Tasmania is renowned for the rich heritage of historic buildings but even by Tasmania's standards, The Manse in Kempton, built in the early 1840's from convict made bricks in Old Colonial Regency style, the architectural style is rare and significant. The Manse was built for Reverend Joseph Beazley, the first minister of the Congregational Church in the Green Ponds area. Beazley arrived in Van Diemen’s Land in 1836 and it wasn’t long before he had chosen Green Ponds to be the centre of his missionary work.
He worked tirelessly around the area to promote his ideals and the teachings of the Congregational Church and it is reported that he was received in every area he visited with kindness and cordiality. The Reverend Mr Beazley was a great promoter of education and worked hard to guide the people of Green Ponds away from the torrents of vice that he believed was all to prevalent in the township.

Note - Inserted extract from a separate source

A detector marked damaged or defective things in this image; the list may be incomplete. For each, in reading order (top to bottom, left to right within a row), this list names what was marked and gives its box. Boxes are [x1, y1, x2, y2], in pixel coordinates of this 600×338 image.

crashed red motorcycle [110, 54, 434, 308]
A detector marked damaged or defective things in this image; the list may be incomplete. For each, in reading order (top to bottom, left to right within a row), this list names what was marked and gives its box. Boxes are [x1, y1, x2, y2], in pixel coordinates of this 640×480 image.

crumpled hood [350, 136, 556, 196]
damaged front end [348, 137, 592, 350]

This notable building is single storey with a hipped roof, subtle pilasters and horizontal banding on the façade, three multi-paned windows and a dormer window. Unusual for the period, the building is sited well back from the road providing a front garden and privacy for the residence. The original fifteen paned windows are generous and well positioned and throw wonderful light into the well proportioned rooms.

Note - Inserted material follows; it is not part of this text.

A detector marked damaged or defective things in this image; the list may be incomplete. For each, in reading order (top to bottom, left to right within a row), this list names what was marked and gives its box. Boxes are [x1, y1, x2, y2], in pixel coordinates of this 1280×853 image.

The Manse is built to an unusual design, having its main entrance facing away from the street, located on the side of the building. Enter by the six panel Cedar side door with fan light and the impression is one of harmony and originality; it is the perfect property to showcase a treasure-trove of early furniture, artwork and collectables. The accommodation is generous with an elegant sitting room, lounge and adjoined dining room, separate kitchen with access to the original cellar, two double bedrooms (one bedroom is currently being used as a library) and a bathroom. Upstairs are two double bedrooms, recently upgraded bathroom and storage area.

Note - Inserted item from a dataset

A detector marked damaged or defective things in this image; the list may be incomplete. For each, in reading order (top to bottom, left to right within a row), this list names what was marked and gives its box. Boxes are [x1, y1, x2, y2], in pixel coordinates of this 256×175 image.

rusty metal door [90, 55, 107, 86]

The property sits on the original grant of 4262 square metres with a mature garden to the rear of the home and falls away in a gentle sloping paddock to the Green Ponds Rivulet. There is an old stable in the paddock and sheep that belong to a neighbor graze the area. This beautiful building is currently a private residence. During renovations undertaken on the premises, letters were found at the property along with other correspondence including minutes of meetings and tickets to local social events.